Answer: Yes, provided the anglers are fishing in a location where the second rod validation is operative. Legally, since each fisherman is only authorized to fish with up to two fishing poles, the fisherman trying to bring in the other three poles would have to first secure one of his fishing rods so that it is no longer being used to fish. That would leave two fishing poles to reel in, which would be within the angler’s legal authority to do.


Dead heads
Question: I’ve been up shed hunting and recently have found a couple mountain lion kills. Can I legally take the dead heads? How do I prove it’s a dead head and not a poached deer? (Brice R.)
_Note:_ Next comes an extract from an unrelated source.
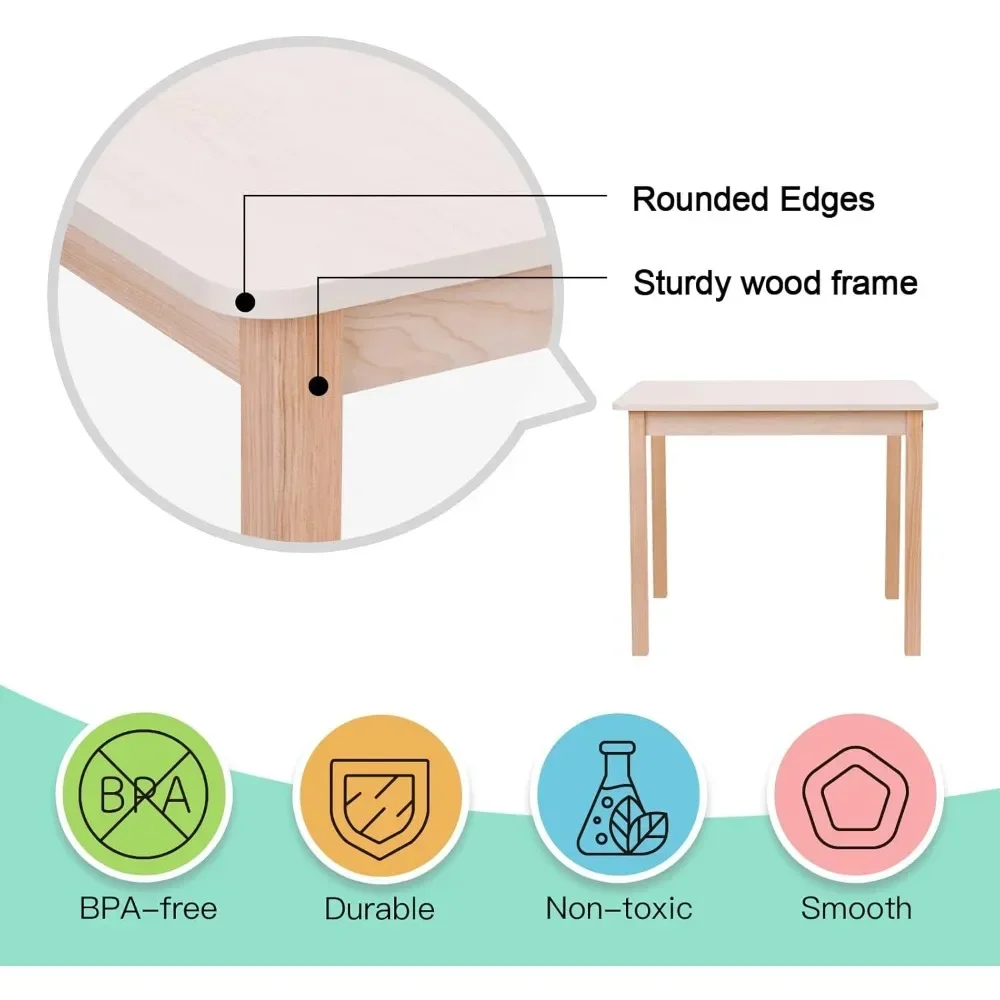 Kindertisch- und Stuhlset aus Holz, natürlich, robust, nicht wackelig, helle Kindermöbel, einfach zu kombinieren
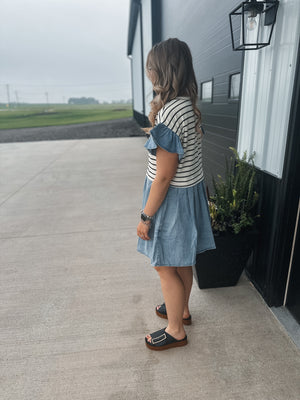 Denim Striped Dress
Answer: You should avoid picking up anything that is fresh but it is not illegal for someone to pick up bleached antlers. In addition, you can sell sheds that you have found but they must have been manufactured into products or handcraft items, or have been cut into blocks or units which are to be handcrafted. You cannot sell whole antlers with heads attached (Fish and Game Code, section 3039(c)).
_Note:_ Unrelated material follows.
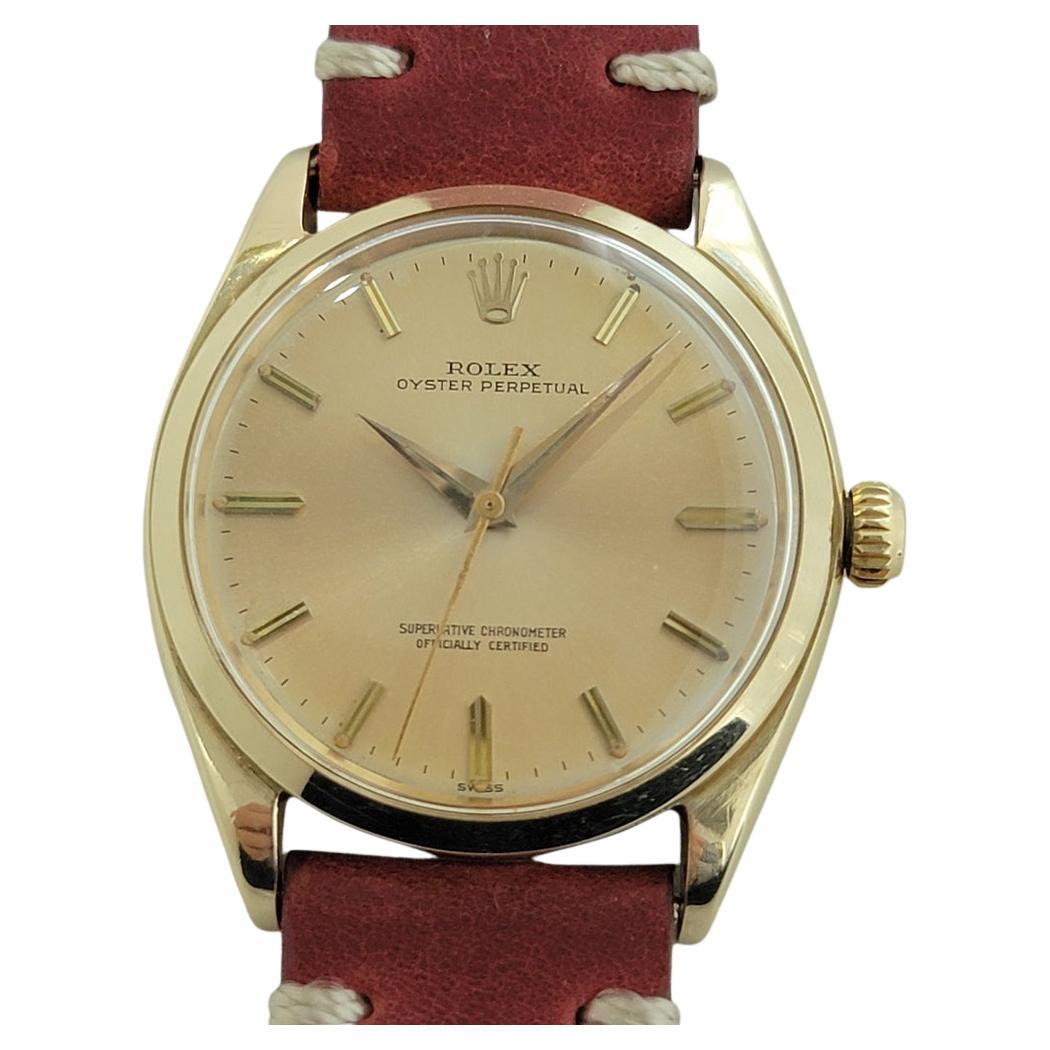 Mens Rolex Oyster Perpetual Ref 1002 34mm 14k Solid Gold Automatic 1960s NA111R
Selling sea urchin jewelry
Question: Is it legal to use legally harvested/farmed California uni biproducts for jewelry to be sold in retail? I have a local fish market that sells large amounts of the purple urchins they obtain from Catalina Seafood. I obtain the eaten shells and use the spikes for crafts. Is it legal to sell them in California as well as globally? (Alexandra F.)

Answer: Commercially-taken sea urchin spines can be sold in jewelry, but sport-harvested marine resources may not be sold, bartered, traded, etc.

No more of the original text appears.